▼
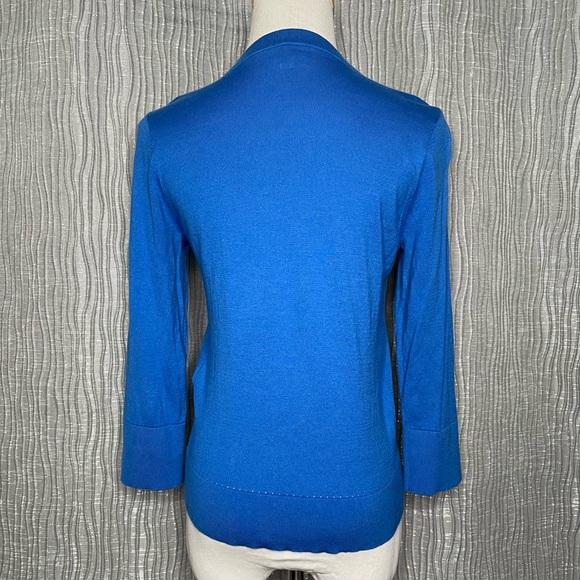 Kate Spade Embellished Cardigan - Picture 5 of 7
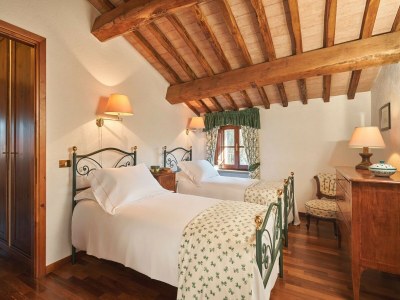 Holiday house Monte House Umbria with Pool and Garden - Features photo 15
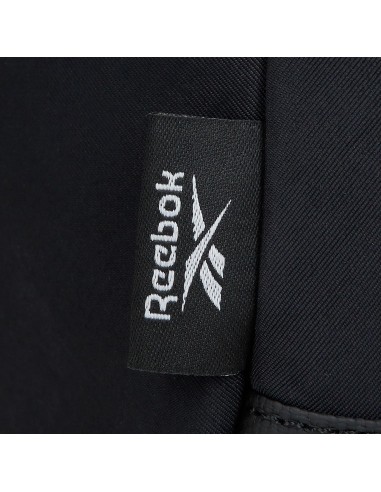 8792121 MOCHILA ADAP. PORTAORD.& TABLET REEBOK NEWPORT NEGRO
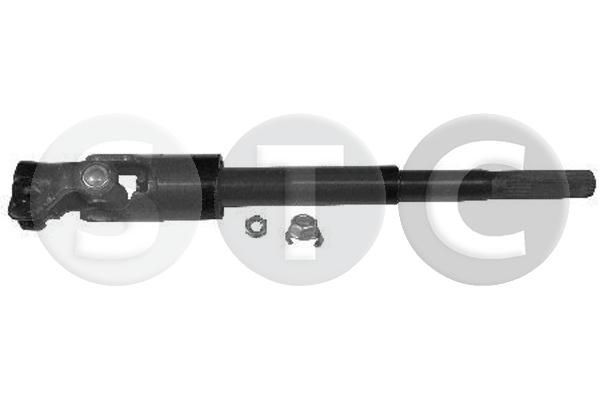 STC Giunto, Piantone sterzo T405459 T405459 costo Giunto, piantone sterzo PORSCHE CAYMAN STC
▲
| TASK STATEMENT |
Reproduce, exactly and with no pictures, the lines from the line containing "8792121 MOCHILA ADAP." through the closing line of the data above, keeping both ends.

| TASK RESULT |
 8792121 MOCHILA ADAP. PORTAORD.& TABLET REEBOK NEWPORT NEGRO
 STC Giunto, Piantone sterzo T405459 T405459 costo Giunto, piantone sterzo PORSCHE CAYMAN STC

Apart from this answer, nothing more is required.